One of my crowning achievements is completely ubiquitous now, and can be found all over the internet.

Back in the early days Wikimedia held a contest to pick a new redirect arrow graphic. I won by proposing something simple.

This particular arrow has made its way everywhere!

Anyway, just a few comments behind some of my work. I hope that was amusing enough!

I haven't done much in a while, but don't worry, I haven't given up. There's still a lot of subjects I want to illustrate and visualize, and I have great plans for the future!

Sadly, Twitter absolutely butchered the quality of these animations! Make sure to check my Wikipedia gallery & Tumblr blog if you want to see them properly!

https://en.wikipedia.org/wiki/User:LucasVB/Gallery
https://1ucasvb.tumblr.com/archive 

Also, I'm always open to requests. If you have a cool idea of something that could use a visualization, let me know!

Some bonus stuff!

I like to explore obvious "what ifs". For example, what if you plotted a f(x) function as r(θ)? Here's how to connect the two ideas.
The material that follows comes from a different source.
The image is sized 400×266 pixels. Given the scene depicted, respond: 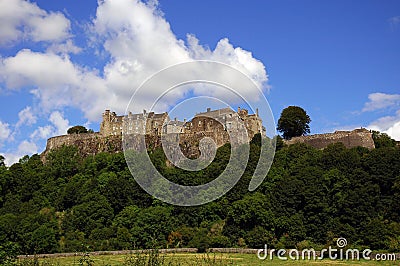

This helps us understand the difference between Cartesian and polar plots. Notice the use of surprise 3D!

Sometimes I just want to do a conceptual animation to convey a few ideas so that they are memorable.

In this conceptual animation, I illustrate how wavelength is related to color of light, and how different colors propagate at different speeds inside a medium, spreading out.

Completing the square is one of those "magical" techniques we learn in high school that are rarely explained to us.

But math is supposed to make sense. As long as you put the effort to understand things you can make sense of them, and once you do you'll never forget it.

I love rigid body physics, which explains the motion for rotating bodies. A key concept is the notion of moment of inertia: how much objects resist changing their rotation. This animation illustrates that, with different objects rolling downhill. Try this experiment at home!

Sine & cosine are always poorly explained, but they are super simple: imagine a point at an angle θ around the unit circle. Then sin θ is the y coordinate of the point, and cos θ is the x coordinate.

Memorization is nothing compared to understanding. Anyone can "get" math!

Fun fact: the circle MUST be on the lower right corner if this animation is to be accurate. Any other position reverses one or both of the functions, as in cos(-θ) or sin(-θ), and you get the wrong graphs!

That's something similar animations fail to take into account!